The order by Judge John Cleland came on the same day that a lawsuit was filed against Kane alleging she retaliated against the team that prosecuted the former Penn State assistant coach by leaking emails and secret grand jury information that embarrassed them.
Cleland ordered Kane to give Sandusky's current lawyer any documents she might have that show any of the former coach's victims had book deals, plans for civil damage lawsuits, lecture tour offers "or any other financial incentive to falsify testimony."
But in the same ruling, the judge denied permission to Sandusky's lawyer, Alexander Lindsay, to compel testimony from a list of potential witnesses he hoped could prove that his client was denied a fair trial.
Cleland ruled that Sandusky had not shown the "exceptional circumstances" required to conduct such discovery in support of post-conviction appeals.
"Counsel’s legal argument in support of his request for discovery ... appears to equate ‘exceptional,’ with ‘high profile,'" the judge wrote, referring the intense publicity that U.S. media afforded Sandusky's trial, conviction and sentencing to 30 to 60 years in prison.
Lindsay told Reuters that he wanted any documents that Sandusky's former defense attorneys could have used to impeach the credibility of the victims by suggesting they had a financial motive to testify in the way they did.
Of the ruling on the broader discovery request, he said, "It doesn’t cripple us."
The federal lawsuit against Kane was filed in Philadelphia on Thursday by former state police commissioner Frank Noonan, former Sandusky prosecutors Frank Fina, Richard A. Sheetz Jr., and E. Marc Constanzo, and Sandusky investigator Randy Feathers.
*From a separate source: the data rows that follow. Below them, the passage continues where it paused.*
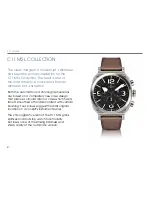 Предварительный просмотр 3 страницы Christopher Ward C11 MSL Owner'S Manual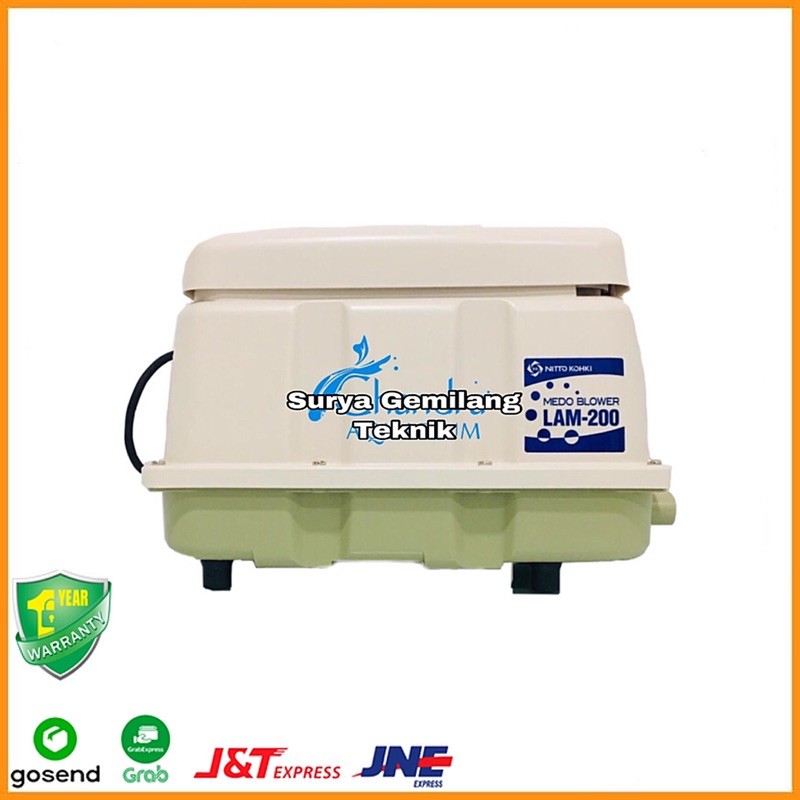 Aerator Nitto Kohki Medo Air Blower LAM 200 Pompa Udara Kolam Koi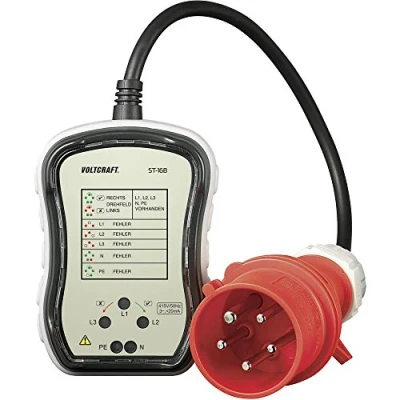 Image of Voltcraft ST 32B Tester for Sockets CEE 32A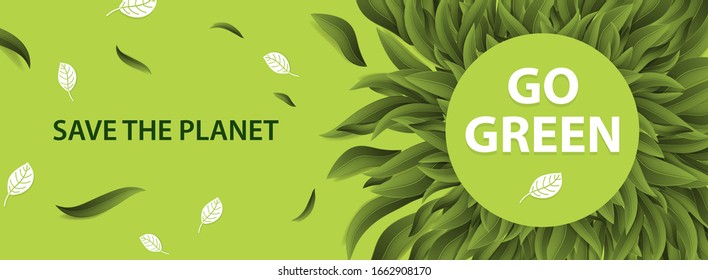 Sustainable environment, Saving environmental sustainability in ecosystem, International day of forest, World forestry day and CSR Go green concept. Vector illustration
They accuse Kane of using the power of her office to retaliate against them when they publicly defended themselves against her accusations that they had leaked secret information
from a grand jury deliberations over the Sandusky allegations.
Her retaliation, according to court papers, includes her release of e-mails sent by the officials that were offensive and off-color but not illegal, as well as information from a separate grand jury deliberation.
Kane sought to make it look like Fina and Costanzo had improperly terminated a corruption investigation of the former head of the Philadelphia NAACP, the lawsuit alleges.
Chuck Ardo, a spokesman for Kane, said she has not yet read the lawsuit but would “defend herself vigorously.”